DATA IN THIS EXERCISE Block Start
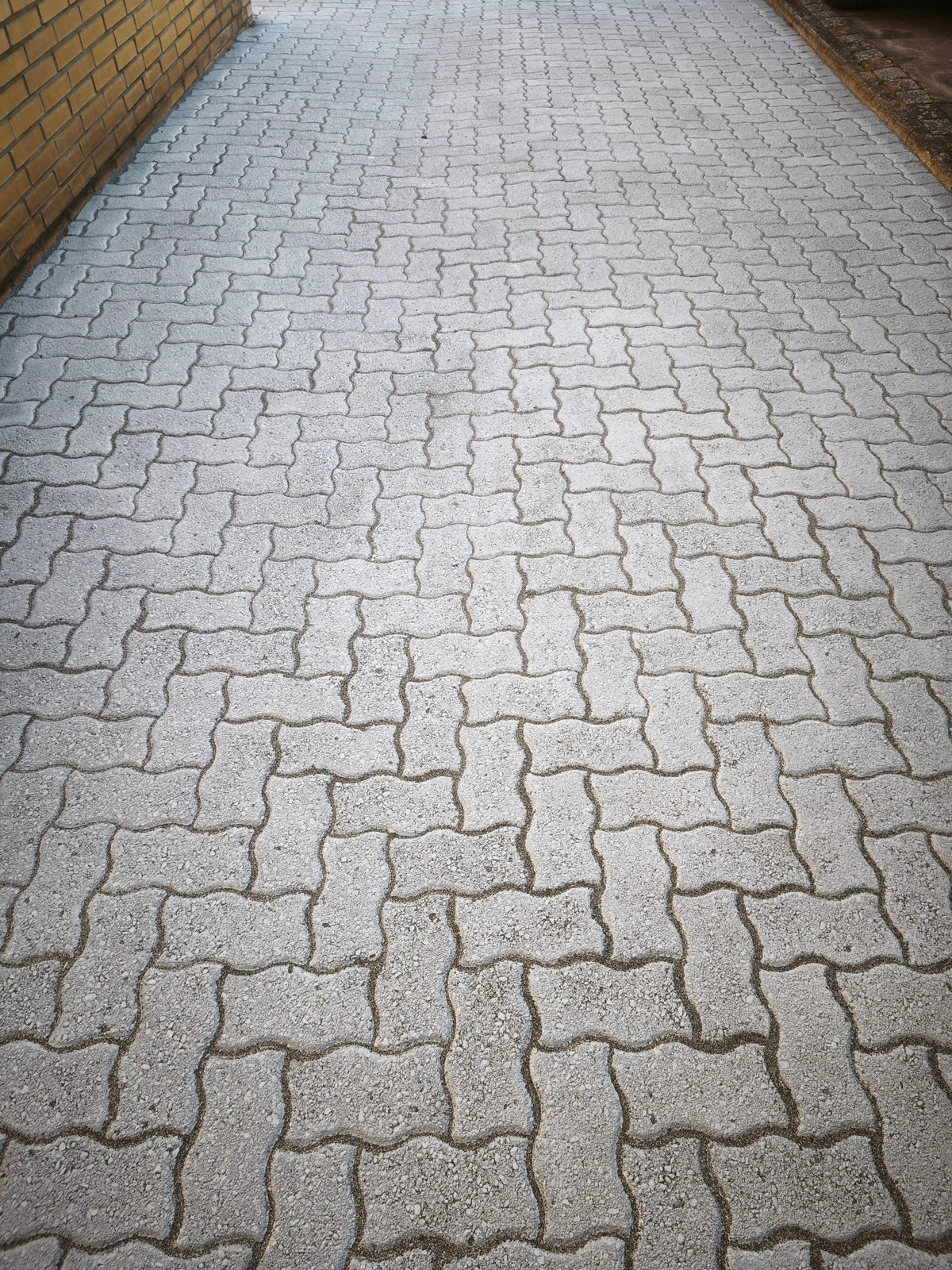 Kundenprojekt: Auffahrt-Sanierung mit Ultrament Beton Frisch Telegrau
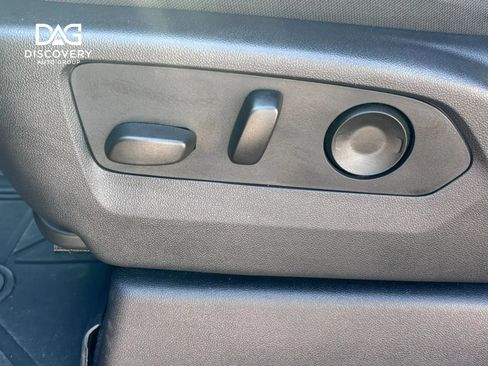 Used 2024 Chevrolet Silverado 1500 Custom AWD/4WD image 9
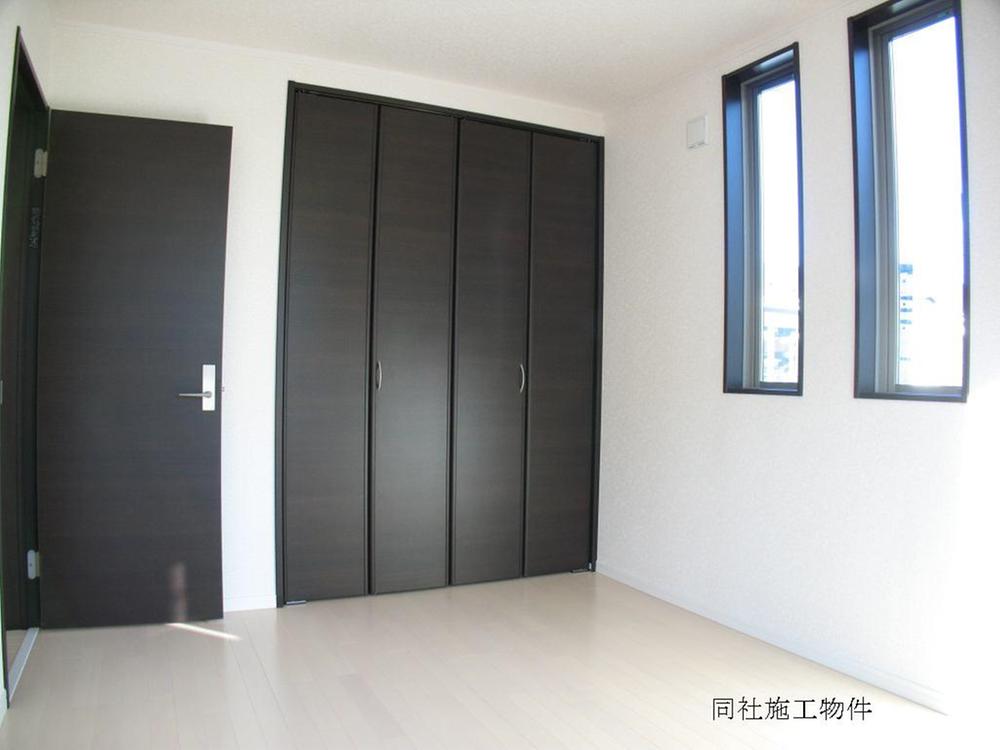 Same specifications photos (Other introspection). Same specifications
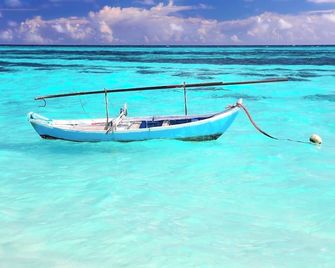 Hakuna Maldives - Thoddoo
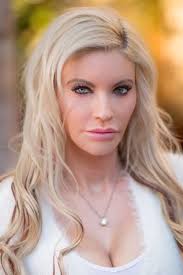 Tracy Lear's Instagram, Twitter & Facebook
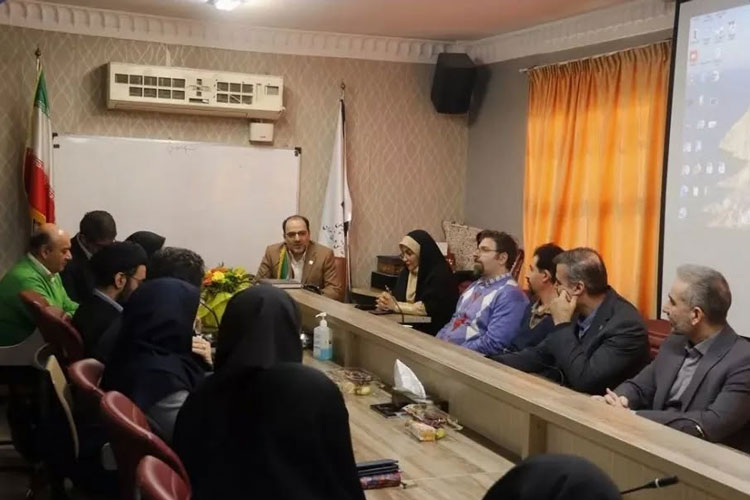 امتصاب دکتر آیتی4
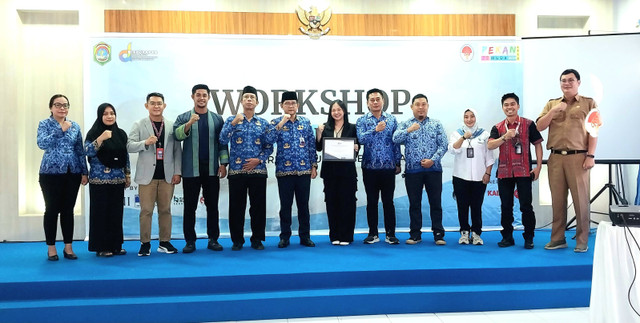 Foto bersama usai pembukaan workshop wirausaha muda yang digelar di Gedung PKK Sekadau. Foto: Dina Mariana/Hi!Pontianak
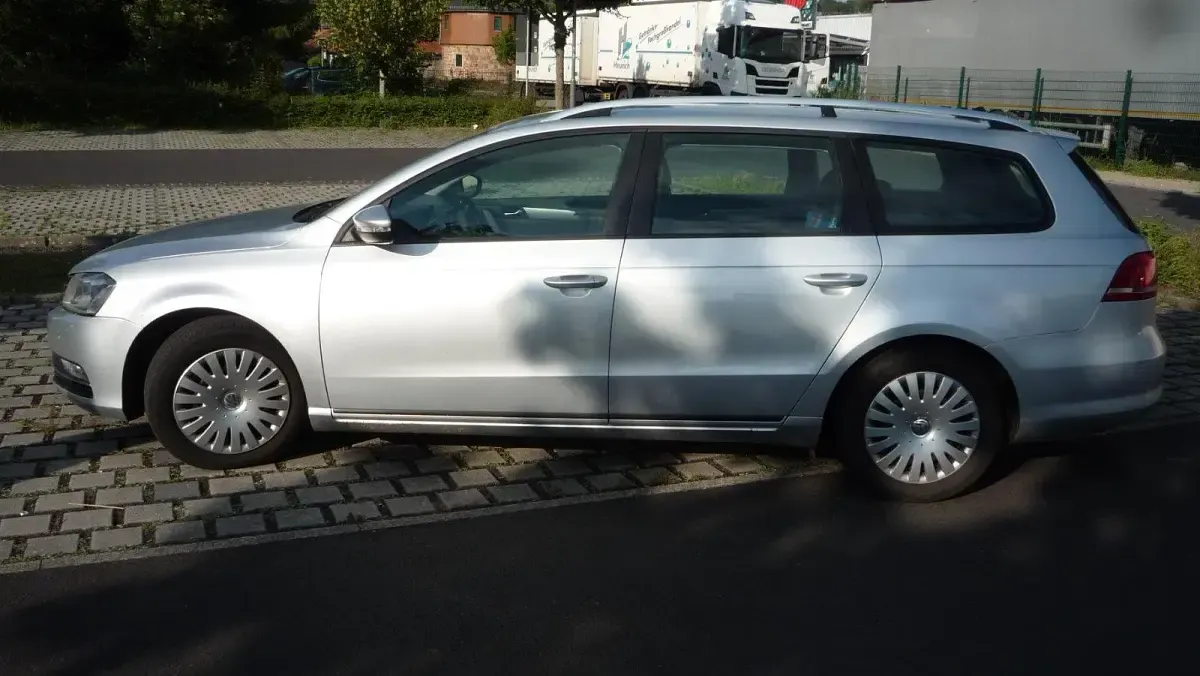 Gebraucht VW Passat 140 PS (102 kW) 2012 Silber Kombi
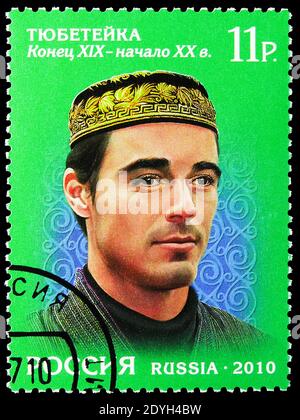 MOSKAU, RUSSLAND - 10. AUGUST 2019: Briefmarke in Russland gedruckt zeigt Skullcap, XIX-XX c., Kultur der Völker Russlands, Kopfschmuck der Tatarstan Serie Stockfoto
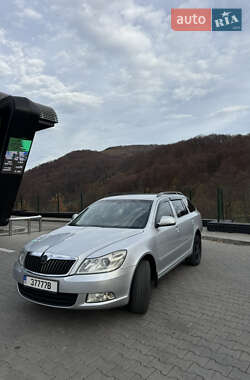 Универсал Skoda Octavia 2012 в Яремче
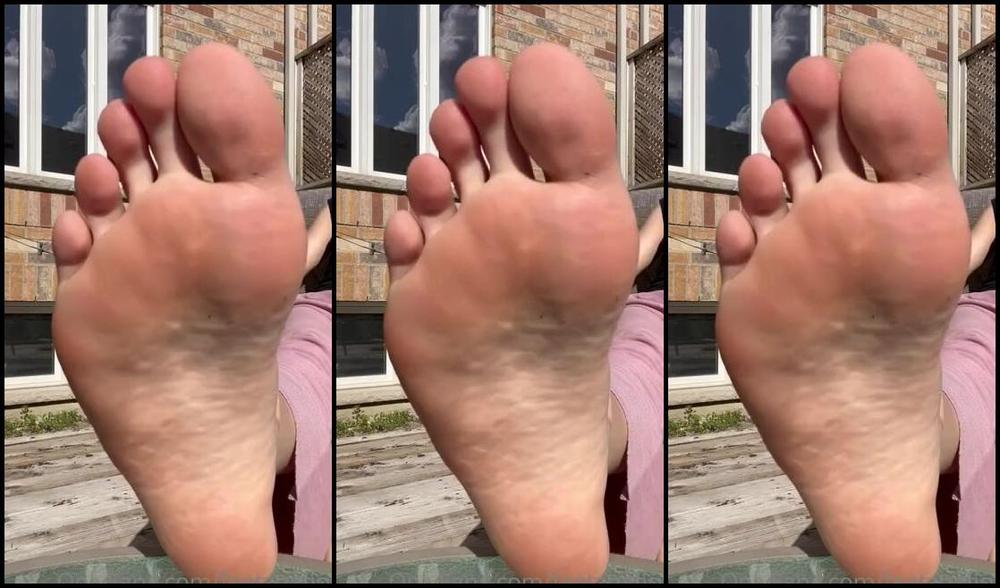 Queenz Sfeet Nicknamed Feetznation Onlyfans Dry Sweaty Meaty And Dirty That S Quite The Combination Only Thing Missing Is Your Face Under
DATA IN THIS EXERCISE Block End
**WORK REQUEST**
Print the records word for word and exclude any picture they hold.

**YOUR RESPONSE**
 Kundenprojekt: Auffahrt-Sanierung mit Ultrament Beton Frisch Telegrau
 Used 2024 Chevrolet Silverado 1500 Custom AWD/4WD image 9
 Same specifications photos (Other introspection). Same specifications
 Hakuna Maldives - Thoddoo
 Tracy Lear's Instagram, Twitter & Facebook
 امتصاب دکتر آیتی4
 Foto bersama usai pembukaan workshop wirausaha muda yang digelar di Gedung PKK Sekadau. Foto: Dina Mariana/Hi!Pontianak
 Gebraucht VW Passat 140 PS (102 kW) 2012 Silber Kombi
 MOSKAU, RUSSLAND - 10. AUGUST 2019: Briefmarke in Russland gedruckt zeigt Skullcap, XIX-XX c., Kultur der Völker Russlands, Kopfschmuck der Tatarstan Serie Stockfoto
 Универсал Skoda Octavia 2012 в Яремче
 Queenz Sfeet Nicknamed Feetznation Onlyfans Dry Sweaty Meaty And Dirty That S Quite The Combination Only Thing Missing Is Your Face Under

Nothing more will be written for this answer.